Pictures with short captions
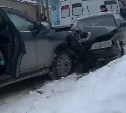 Два автомобиля лоб в лоб столкнулись в Холмске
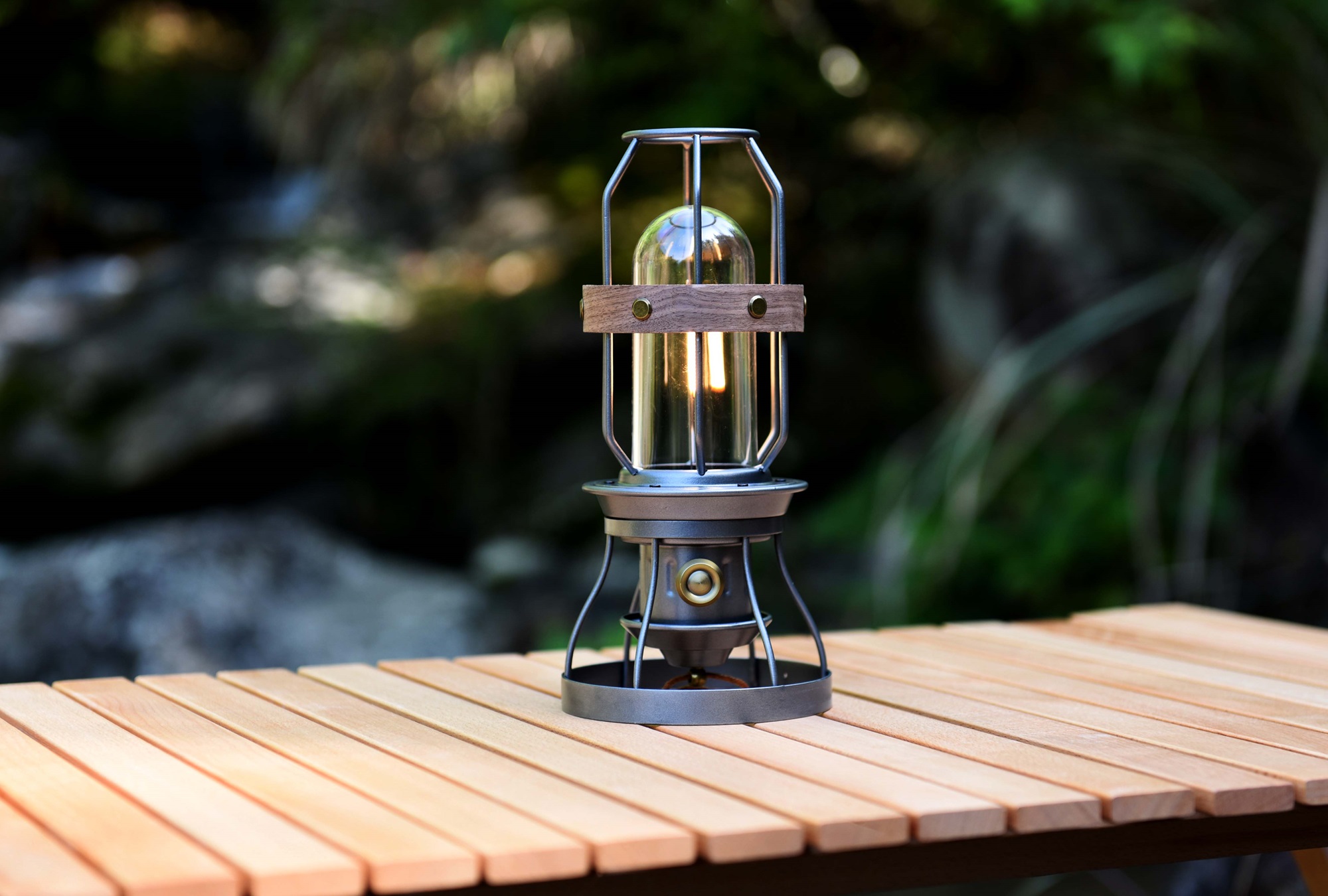 Comet Grey color camping lantern - Image 2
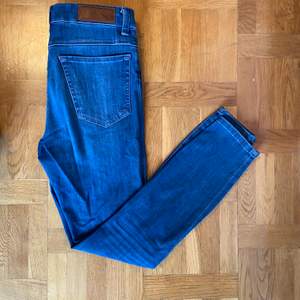 Blå ankellånga jeans med hög midja från Bikbok. Sparsamt använda. Nypris 499 kr. Köparen står för frakten. 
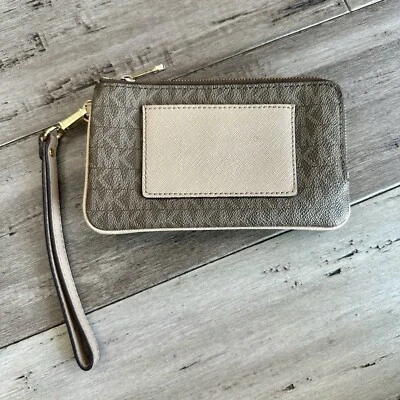 MICHAEL KORS Mujer Bedford MK Signature SM Doble Cremallera Muñequera Billetera Bolso sin asas Foto 1 de 4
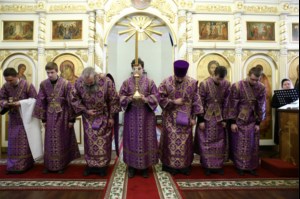 Всенощное бдение на Архиерейском подворье – храме во имя преподобного Серафима Саровского г.Саратова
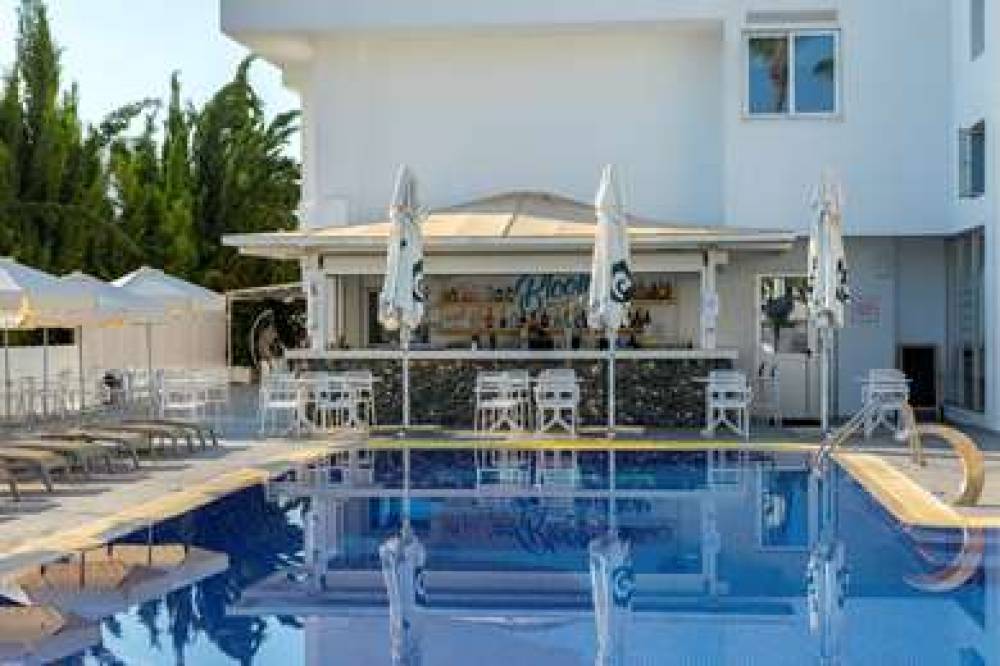 PROTARAS PLAZA HOTEL 5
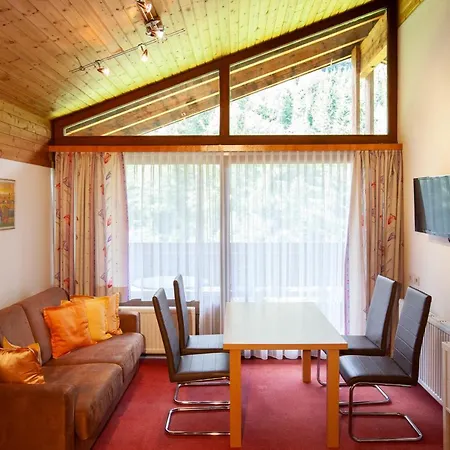 Schima Drosa - - By Pferd Auf Wolke * Gaschurn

#### WHAT IS NEEDED
Would you retype every line shown above exactly, leaving the pictures aside?

#### PROBLEM SOLUTION
 Два автомобиля лоб в лоб столкнулись в Холмске
 Comet Grey color camping lantern - Image 2
 Blå ankellånga jeans med hög midja från Bikbok. Sparsamt använda. Nypris 499 kr. Köparen står för frakten. 
 MICHAEL KORS Mujer Bedford MK Signature SM Doble Cremallera Muñequera Billetera Bolso sin asas Foto 1 de 4
 Всенощное бдение на Архиерейском подворье – храме во имя преподобного Серафима Саровского г.Саратова
 PROTARAS PLAZA HOTEL 5
 Schima Drosa - - By Pferd Auf Wolke * Gaschurn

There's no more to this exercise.